→ SUPPLIED ENTRIES:
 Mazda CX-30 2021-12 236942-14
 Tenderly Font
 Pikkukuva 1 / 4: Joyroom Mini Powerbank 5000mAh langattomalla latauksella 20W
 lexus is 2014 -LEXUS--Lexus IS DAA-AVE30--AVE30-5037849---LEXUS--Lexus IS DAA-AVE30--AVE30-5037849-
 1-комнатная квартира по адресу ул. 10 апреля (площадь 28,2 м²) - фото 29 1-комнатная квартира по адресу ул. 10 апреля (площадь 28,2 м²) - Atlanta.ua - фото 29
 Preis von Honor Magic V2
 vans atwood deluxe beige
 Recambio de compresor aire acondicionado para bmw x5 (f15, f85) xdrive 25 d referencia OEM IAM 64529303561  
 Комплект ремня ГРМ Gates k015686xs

→ TASK PROMPT: Please reproduce exactly the lines above, beginning with the first and ending with the line that contains "lexus is 2014", and include nothing outside that range.

→ EXERCISE RESULT:
 Mazda CX-30 2021-12 236942-14
 Tenderly Font
 Pikkukuva 1 / 4: Joyroom Mini Powerbank 5000mAh langattomalla latauksella 20W
 lexus is 2014 -LEXUS--Lexus IS DAA-AVE30--AVE30-5037849---LEXUS--Lexus IS DAA-AVE30--AVE30-5037849-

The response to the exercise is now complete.